• What the exercise asks:
The reply must contain exactly the lines below from the one with "Hello guys, this" down to the one with "Hey, what's going", both included, and nothing more; please omit the pictures.

• Records provided:
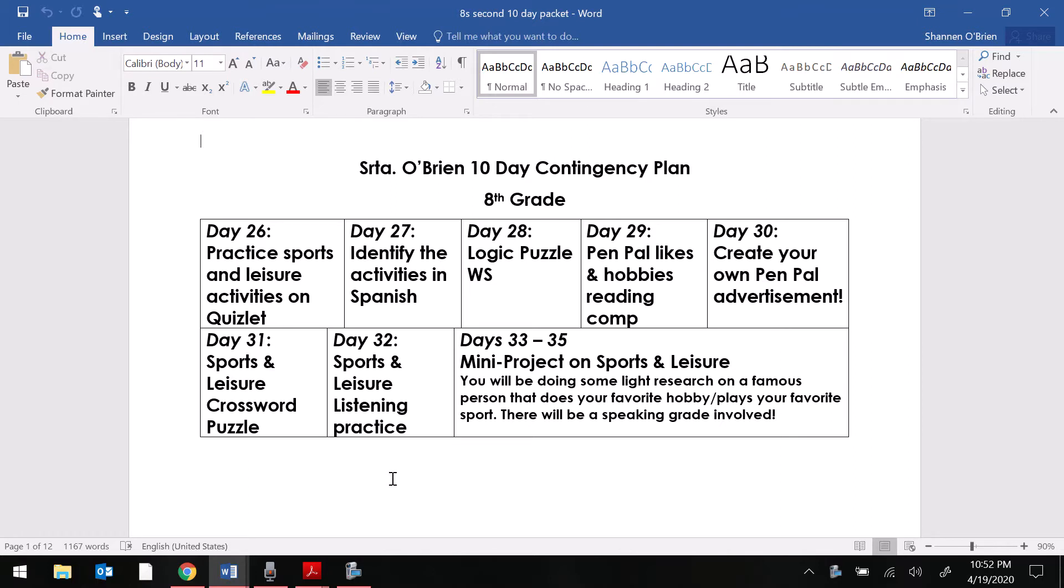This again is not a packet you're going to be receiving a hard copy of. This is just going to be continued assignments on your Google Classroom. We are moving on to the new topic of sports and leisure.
* * *
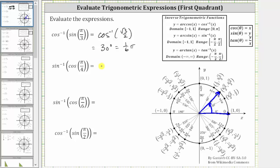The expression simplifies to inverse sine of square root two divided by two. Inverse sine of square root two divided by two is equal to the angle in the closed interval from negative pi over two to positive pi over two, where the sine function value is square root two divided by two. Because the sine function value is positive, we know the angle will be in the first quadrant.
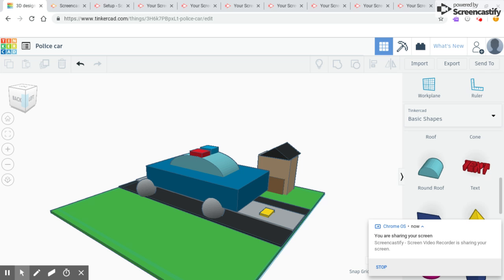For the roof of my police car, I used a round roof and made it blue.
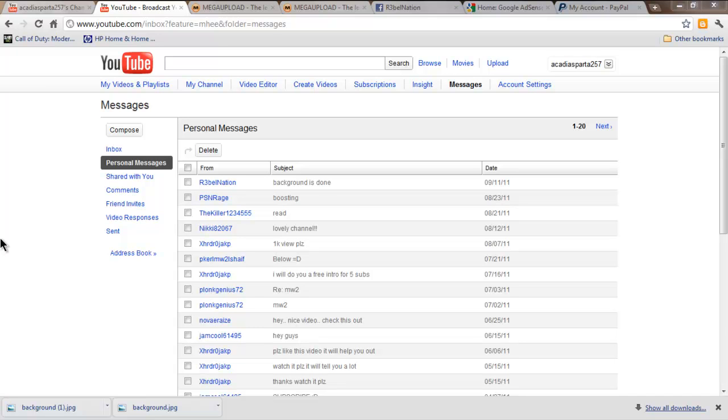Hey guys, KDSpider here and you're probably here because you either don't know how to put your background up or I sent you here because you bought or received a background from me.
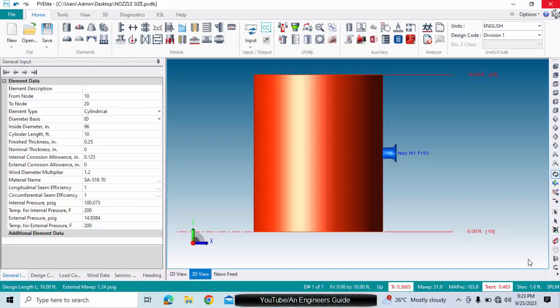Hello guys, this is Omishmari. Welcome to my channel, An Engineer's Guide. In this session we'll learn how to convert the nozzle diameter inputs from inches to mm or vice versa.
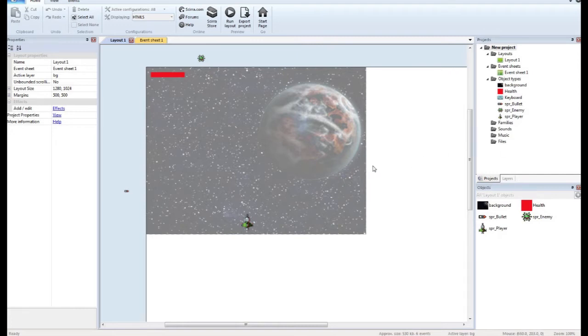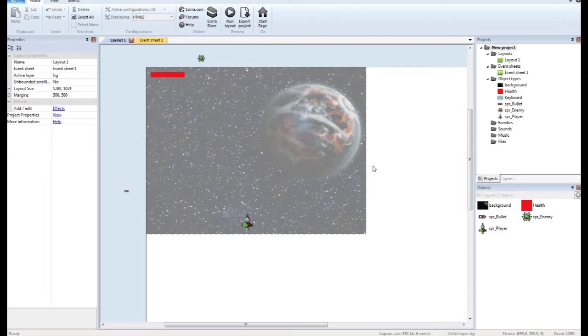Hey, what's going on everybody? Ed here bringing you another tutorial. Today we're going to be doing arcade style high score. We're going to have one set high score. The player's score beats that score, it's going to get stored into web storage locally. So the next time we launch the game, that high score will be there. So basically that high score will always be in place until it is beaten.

• Task output:
Hello guys, this is Omishmari. Welcome to my channel, An Engineer's Guide. In this session we'll learn how to convert the nozzle diameter inputs from inches to mm or vice versa.
Hey, what's going on everybody? Ed here bringing you another tutorial. Today we're going to be doing arcade style high score. We're going to have one set high score. The player's score beats that score, it's going to get stored into web storage locally. So the next time we launch the game, that high score will be there. So basically that high score will always be in place until it is beaten.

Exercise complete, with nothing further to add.